§ ACTIVITY:
In the entries below, find every line with "show" and copy it.

§ INFORMATION GIVEN:
◆ ◆ ◆

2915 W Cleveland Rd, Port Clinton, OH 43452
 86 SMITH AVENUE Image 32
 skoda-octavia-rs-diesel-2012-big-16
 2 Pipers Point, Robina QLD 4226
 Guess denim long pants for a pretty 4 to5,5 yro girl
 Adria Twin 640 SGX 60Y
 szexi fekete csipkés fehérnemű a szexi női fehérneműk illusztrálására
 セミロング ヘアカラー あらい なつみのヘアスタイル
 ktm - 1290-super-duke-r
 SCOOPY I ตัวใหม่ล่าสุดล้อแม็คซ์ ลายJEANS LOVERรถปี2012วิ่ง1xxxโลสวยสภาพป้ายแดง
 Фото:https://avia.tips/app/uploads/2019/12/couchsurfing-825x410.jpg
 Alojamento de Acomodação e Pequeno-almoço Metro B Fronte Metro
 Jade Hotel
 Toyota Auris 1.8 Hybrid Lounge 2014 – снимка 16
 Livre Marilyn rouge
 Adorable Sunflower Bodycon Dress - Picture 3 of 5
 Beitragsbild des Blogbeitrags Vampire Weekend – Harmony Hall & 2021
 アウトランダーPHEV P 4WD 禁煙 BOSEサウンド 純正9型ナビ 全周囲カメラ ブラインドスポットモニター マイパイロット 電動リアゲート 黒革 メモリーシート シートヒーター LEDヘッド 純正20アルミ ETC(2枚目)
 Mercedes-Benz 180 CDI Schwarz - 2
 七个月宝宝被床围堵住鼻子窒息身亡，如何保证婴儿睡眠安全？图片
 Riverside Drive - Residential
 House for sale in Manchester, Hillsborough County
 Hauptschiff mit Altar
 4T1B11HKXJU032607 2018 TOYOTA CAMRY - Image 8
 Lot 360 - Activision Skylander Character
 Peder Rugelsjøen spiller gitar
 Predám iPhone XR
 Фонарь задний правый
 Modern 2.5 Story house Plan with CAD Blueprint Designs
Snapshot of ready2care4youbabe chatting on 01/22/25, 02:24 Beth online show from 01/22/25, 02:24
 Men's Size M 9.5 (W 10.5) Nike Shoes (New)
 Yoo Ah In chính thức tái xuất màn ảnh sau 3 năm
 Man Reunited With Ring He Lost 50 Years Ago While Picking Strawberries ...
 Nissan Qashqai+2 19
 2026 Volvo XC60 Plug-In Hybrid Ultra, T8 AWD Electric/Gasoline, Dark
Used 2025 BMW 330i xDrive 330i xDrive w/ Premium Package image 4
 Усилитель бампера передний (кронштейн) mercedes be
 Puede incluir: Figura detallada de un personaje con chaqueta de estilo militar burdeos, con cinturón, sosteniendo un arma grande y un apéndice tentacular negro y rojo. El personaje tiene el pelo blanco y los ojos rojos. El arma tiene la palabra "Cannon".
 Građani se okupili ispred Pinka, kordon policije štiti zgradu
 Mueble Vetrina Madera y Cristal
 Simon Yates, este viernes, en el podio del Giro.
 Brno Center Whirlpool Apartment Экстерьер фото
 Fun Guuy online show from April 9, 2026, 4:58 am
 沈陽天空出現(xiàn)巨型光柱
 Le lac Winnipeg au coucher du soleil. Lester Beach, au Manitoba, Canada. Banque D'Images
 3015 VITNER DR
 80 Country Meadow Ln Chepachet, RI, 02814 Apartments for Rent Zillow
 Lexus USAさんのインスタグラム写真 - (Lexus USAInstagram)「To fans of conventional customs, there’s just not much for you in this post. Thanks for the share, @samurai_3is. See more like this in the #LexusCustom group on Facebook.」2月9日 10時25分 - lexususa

◆ ◆ ◆

§ ANSWER TO THE PROBLEM:
Snapshot of ready2care4youbabe chatting on 01/22/25, 02:24 Beth online show from 01/22/25, 02:24
 Fun Guuy online show from April 9, 2026, 4:58 am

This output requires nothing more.